Activity: Reproduce exactly, from the data that follows, the line with "როგორ გავფცქვნათ ნიორი", the line with "PDB entry 2hmz", and every line that lies between them.

Source data:

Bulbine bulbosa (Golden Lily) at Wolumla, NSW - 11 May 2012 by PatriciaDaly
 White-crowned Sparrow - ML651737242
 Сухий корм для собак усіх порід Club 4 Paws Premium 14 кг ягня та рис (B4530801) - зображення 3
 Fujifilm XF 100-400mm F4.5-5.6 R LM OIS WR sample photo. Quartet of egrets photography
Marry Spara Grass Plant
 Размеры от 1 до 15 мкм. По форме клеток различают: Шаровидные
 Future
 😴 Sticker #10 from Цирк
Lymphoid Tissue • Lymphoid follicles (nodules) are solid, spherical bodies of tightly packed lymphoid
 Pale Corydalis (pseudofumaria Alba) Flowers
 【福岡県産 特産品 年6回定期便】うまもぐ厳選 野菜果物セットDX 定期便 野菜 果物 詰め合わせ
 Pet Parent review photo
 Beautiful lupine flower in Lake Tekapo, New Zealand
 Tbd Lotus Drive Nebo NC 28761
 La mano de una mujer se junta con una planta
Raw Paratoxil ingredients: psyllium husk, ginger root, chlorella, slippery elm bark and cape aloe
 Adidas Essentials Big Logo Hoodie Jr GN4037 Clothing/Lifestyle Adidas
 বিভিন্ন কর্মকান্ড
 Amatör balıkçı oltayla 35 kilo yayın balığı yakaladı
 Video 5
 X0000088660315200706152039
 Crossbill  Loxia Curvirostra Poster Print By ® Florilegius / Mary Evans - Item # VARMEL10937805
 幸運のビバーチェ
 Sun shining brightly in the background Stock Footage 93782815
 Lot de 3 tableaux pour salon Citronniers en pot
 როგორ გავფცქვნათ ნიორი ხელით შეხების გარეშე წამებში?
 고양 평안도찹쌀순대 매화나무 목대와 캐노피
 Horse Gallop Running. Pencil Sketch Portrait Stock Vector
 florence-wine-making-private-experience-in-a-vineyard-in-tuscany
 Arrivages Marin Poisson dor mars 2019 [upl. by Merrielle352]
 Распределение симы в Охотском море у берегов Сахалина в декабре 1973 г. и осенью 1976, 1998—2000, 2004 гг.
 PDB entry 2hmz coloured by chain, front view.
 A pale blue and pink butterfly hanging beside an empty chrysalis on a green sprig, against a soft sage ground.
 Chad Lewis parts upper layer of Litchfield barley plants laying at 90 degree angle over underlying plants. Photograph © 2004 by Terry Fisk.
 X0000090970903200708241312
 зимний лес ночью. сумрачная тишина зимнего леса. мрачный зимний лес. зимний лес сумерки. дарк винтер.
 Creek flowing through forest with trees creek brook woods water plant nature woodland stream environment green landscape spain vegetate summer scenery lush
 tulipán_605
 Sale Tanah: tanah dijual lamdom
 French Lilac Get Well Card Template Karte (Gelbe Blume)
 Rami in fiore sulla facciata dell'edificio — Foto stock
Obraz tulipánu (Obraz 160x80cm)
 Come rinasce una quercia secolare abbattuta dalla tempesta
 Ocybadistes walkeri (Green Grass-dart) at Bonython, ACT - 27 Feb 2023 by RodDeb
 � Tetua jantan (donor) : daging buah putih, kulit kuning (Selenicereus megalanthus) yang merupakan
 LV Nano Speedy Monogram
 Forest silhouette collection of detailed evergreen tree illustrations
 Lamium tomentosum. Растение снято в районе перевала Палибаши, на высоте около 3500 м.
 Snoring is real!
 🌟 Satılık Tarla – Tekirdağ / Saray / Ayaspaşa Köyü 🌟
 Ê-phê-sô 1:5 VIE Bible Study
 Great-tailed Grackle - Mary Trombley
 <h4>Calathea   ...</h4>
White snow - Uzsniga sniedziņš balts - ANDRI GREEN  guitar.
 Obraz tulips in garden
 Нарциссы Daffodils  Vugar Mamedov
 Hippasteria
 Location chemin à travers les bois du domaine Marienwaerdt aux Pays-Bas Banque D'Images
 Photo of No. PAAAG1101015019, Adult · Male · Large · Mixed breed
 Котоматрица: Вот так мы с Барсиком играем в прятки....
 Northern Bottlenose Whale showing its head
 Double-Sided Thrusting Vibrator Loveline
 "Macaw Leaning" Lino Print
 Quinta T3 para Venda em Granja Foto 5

Completed exercise:
 როგორ გავფცქვნათ ნიორი ხელით შეხების გარეშე წამებში?
 고양 평안도찹쌀순대 매화나무 목대와 캐노피
 Horse Gallop Running. Pencil Sketch Portrait Stock Vector
 florence-wine-making-private-experience-in-a-vineyard-in-tuscany
 Arrivages Marin Poisson dor mars 2019 [upl. by Merrielle352]
 Распределение симы в Охотском море у берегов Сахалина в декабре 1973 г. и осенью 1976, 1998—2000, 2004 гг.
 PDB entry 2hmz coloured by chain, front view.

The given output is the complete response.